Programmeerparadigma
Programmeerparadigma's zijn een manier om programmeertalen te groeperen op basis van wat ze doen. Talen kunnen meer dan één paradigma hebben.
Sommige paradigma's kijken naar de manier waarop de code wordt uitgevoerd, zoals het toestaan van neveneffecten, of dingen in een bepaalde volgorde moeten doen. Andere paradigma's kijken naar de manier waarop code wordt gegroepeerd, zoals het in één of twee stukken stoppen van code (of juist veel kleine stukjes). Weer andere paradigma's kijken naar de volgorde en de stukjes die het programma maken zoals het is.
Er zijn twee hoofdgroepen van paradigma's, imperatief en declaratief. Een taal kan beide tegelijk zijn.
Imperatief programmeren
In imperatieve programma's geven programmeurs de computer een reeks geordende stappen die moeten worden uitgevoerd om iets te doen. Als iemand wil dat de computer een kattengezicht tekent, kan hij aanwijzingen geven als "Teken hier een cirkel, teken daar twee kleinere cirkels, teken er twee driehoeken bovenop", enzovoort. Imperatieve programma's hebben soms veel neveneffecten.
Er zijn twee grote imperatieve paradigma's, en vaak heeft een taal beide:
- Gestructureerd - De computer krijgt aanwijzingen die altijd in een bepaalde volgorde staan. Stappen als "ga terug naar stap 3" (bekend als goto statements) zijn niet toegestaan.
- Procedureel - Het programma laat de programmeur een naam geven aan een lijst van opdrachten, waardoor die opdrachten worden omgezet in een "procedure" die hij later kan gebruiken. De meeste gestructureerde talen zijn ook procedureel.
- Object-georiënteerd - Ideeën worden aan de computer uitgelegd met behulp van objecten, stukjes code die een reeks opdrachten hebben die ze kunnen krijgen en enige informatie daarover.
Declaratief programmeren
In declaratieve paradigma's vertelt de programmeur de computer wat hij moet doen in plaats van hoe hij het moet doen.

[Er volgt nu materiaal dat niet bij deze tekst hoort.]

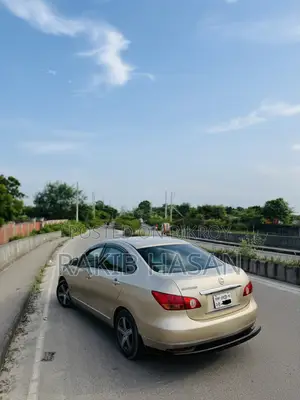 Nissan Bluebird Sylphy 2006 Gold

Als hij wil dat de computer een kattengezicht tekent, kan hij aanwijzingen geven als "Teken een gezicht, teken twee ogen, twee oren en een mond".
De bekendste declaratieve paradigma's zijn:
- Functioneel - Het meeste werk wordt gedaan door functies zonder bijwerkingen.

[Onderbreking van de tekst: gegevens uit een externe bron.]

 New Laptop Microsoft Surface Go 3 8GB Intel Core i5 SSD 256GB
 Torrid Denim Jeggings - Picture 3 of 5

- Logica - Een reeks feiten wordt vermeld, en vervolgens worden een of meer "vragen" gesteld.
- Event-driven - Stukken code worden ingesteld om te worden uitgevoerd wanneer bepaalde dingen gebeuren (zoals het aanzetten van de computer).
Andere paradigma's
Sommige paradigma's komen voor in zowel imperatieve als declaratieve talen. Deze paradigma's worden meestal gevonden met een van de bovenstaande paradigma's in plaats van op zichzelf te staan.
- Parallel: Meer dan één stuk code wordt tegelijkertijd uitgevoerd.
- Meta: Speciale dingen in de taal laten de programmeur de manier veranderen waarop de taal zelf handelt.
Overzicht
Programmeertalen worden gegroepeerd volgens paradigma's, net zoals machines kunnen worden gegroepeerd volgens het doel waarvoor ze worden gebruikt.
Enkele talen passen in slechts één hoofdparadigma, zoals:
- Smalltalk (objectgeoriënteerd)
- Assemblage (imperatief, maar niet gestructureerd of objectgeoriënteerd)
- Haskell (functioneel)
- Prolog (logica)
De meeste talen hebben echter meer dan één paradigma. Enkele talen die eruit springen omdat ze meer dan één paradigma hebben, zijn:
- Scala (objectgeoriënteerd, functioneel, parallel)
- Visual Basic (gebeurtenisgestuurd, objectgeoriënteerd)
- Common Lisp (procedureel, functioneel, objectgeoriënteerd, meta)
- Schema (functioneel, procedureel, meta)
- Perl (functioneel, procedureel, meta, objectgeoriënteerd, event-driven)
- Python (functioneel, objectgeoriënteerd, procedureel)
- Ruby (functioneel, objectgeoriënteerd, procedureel)
- Wolfram Language (functioneel, procedureel, over het algemeen declaratief)
- Oz (logisch, functioneel, imperatief, objectgeoriënteerd)
- F# (functioneel, imperatief, objectgeoriënteerd, meta)
Het hebben van meer paradigma's is niet altijd goed. Eén keer dat minder paradigma's een goede zaak kan zijn, is wanneer er een taal is die alleen functioneel is. Een functie in zo'n taal doet soms minder werk (zoals alleen de delen van een groep dingen overlopen die echt nodig zijn) dan wanneer de taal ook procedureel was.
Veel programmeerparadigma's zijn even bekend om de dingen die ze mensen niet laten doen als om de dingen die ze mensen wel laten doen. Dit geldt onder meer voor functionele talen. Als een functionele taal alleen of hoofdzakelijk functioneel is, laat deze meestal geen neveneffecten toe. Een ander voorbeeld hiervan is gestructureerd programmeren: dit verschilt van normale imperatieve talen omdat programmeurs geen "goto statements" mogen gebruiken (statements die het programma vertellen naar een eerdere stap te gaan). Om deze en andere redenen vinden mensen soms dat nieuwe paradigma's te weinig toestaan. Soms is het echter goed dat de computer mensen dingen niet laat doen: het kan mensen helpen om problemen met hun code te vermijden, en de computer gissingen laten maken zodat hij code sneller kan uitvoeren, of zelfs code controleren op problemen voordat de code wordt uitgevoerd!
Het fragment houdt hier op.